The idea behind the network came from the disparity of reported side effects from the pandemic H1N1 influenza vaccine. Researchers hope more consistent data could clarify why some regions reported side effects to the vaccine while others did not. However, the size of that vaccination effort limited the conclusions that could be drawn. To comprehensively evaluate these rare adverse events, the network needed a large data pool to review, which the billions of COVID-19 doses could likely provide.
Simultaneously, the International Network of Special Immunization Services (INSIS) is finalizing funding agreements to examine the biology and immunology of postvaccine problems as they happen. This project brings together expert clinicians, immunologists, and biologists from six countries to study immune response dynamics. INSIS is partnering with GVDN to identify patients and share data. The projects will work together in hopes of identifying risk factors for vaccine side effects and ways to offset or prevent them.
GVDN intends to use the CDC grant over three years to study side effects of the COVID-19 vaccines in several ways. One project will study individuals experiencing post-vaccination myopericarditis, which have been reported most commonly after the Pfizer and Moderna mRNA vaccines. Another project investigates post-vaccination thrombosis and thrombocytopenia syndrome (TTS), which have been reported after receipt of the Johnson & Johnson and AstraZeneca adenovirus-vectored vaccines.
It is hoped that initial data will be available this summer. The data in turn may lead to more funding, which will be needed to stabilize the projects. Stable funding could then lead to not only continuing the work, but expanding its scope, as well.

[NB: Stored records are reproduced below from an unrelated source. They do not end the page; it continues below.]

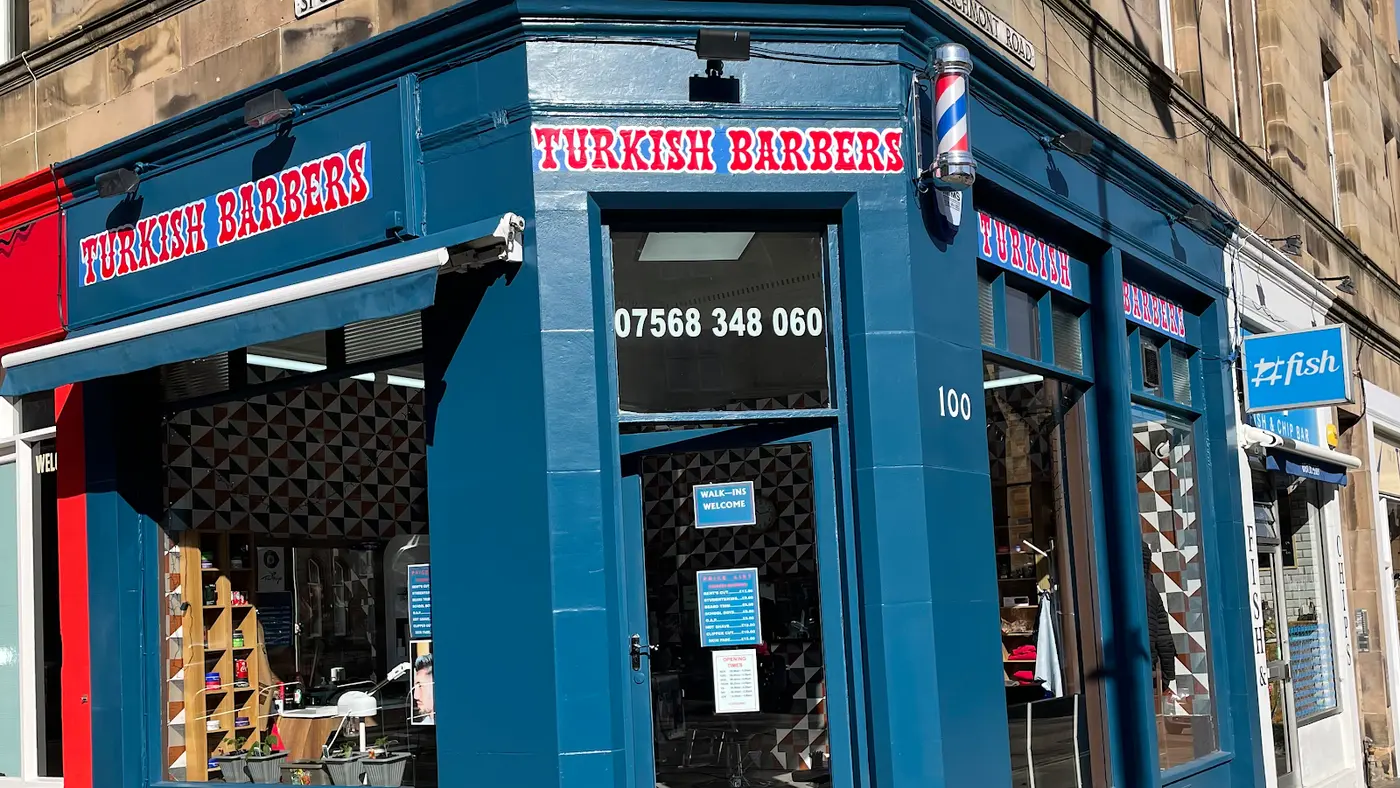 Marchmont Turkish Barbers — blue corner shopfront with barber pole, 100 Marchmont Road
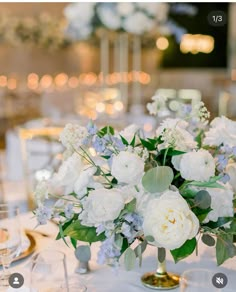 a vase filled with white and blue flowers on top of a table next to wine glasses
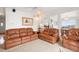 Inviting living room with comfortable seating, a ceiling fan, and an open view to the dining and kitchen areas at 23753 E 155Th Way, Brighton, CO 80603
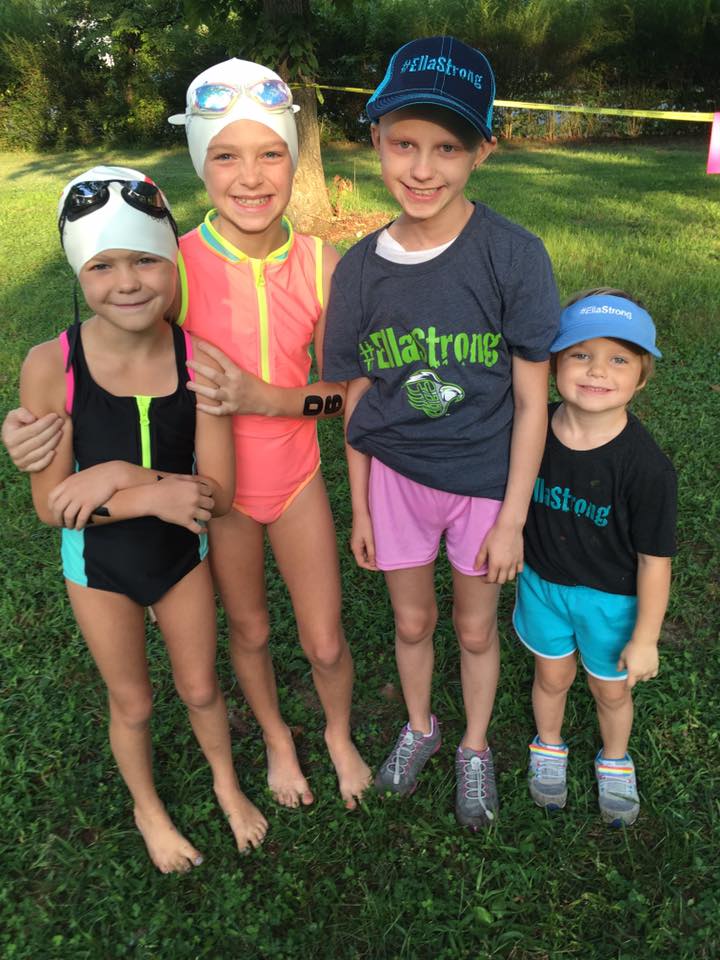 Ella and three other children in #EllaStrong shirts and swim caps before a youth triathlon
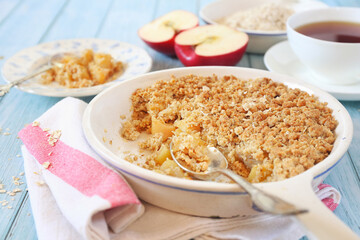 Apple crumble from oatmeal and cup of tea for healthy breakfast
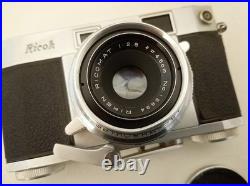 Vintage Ricoh 500 camera + telephoto lens + meter + Photrix meter etc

INSIS leader Karina Top, a PIDS member, is quoted in the story and commented on the projects, saying, “Vaccines have been critical in reducing morbidity and mortality from COVID-19; however, global mass vaccination campaigns have uncovered certain rare adverse events following immunization (AEFIs), such as myocarditis. These projects highlight both the critical need for, and chronic underfunding of, global efforts to study rare side effects. The GVDN and INSIS have potential to uncover the risk factors and mechanisms underlying rare AEFIs to better identify, treat and ultimately prevent them; however, adequate funding of these global vaccine safety efforts will be essential to ensure their success.”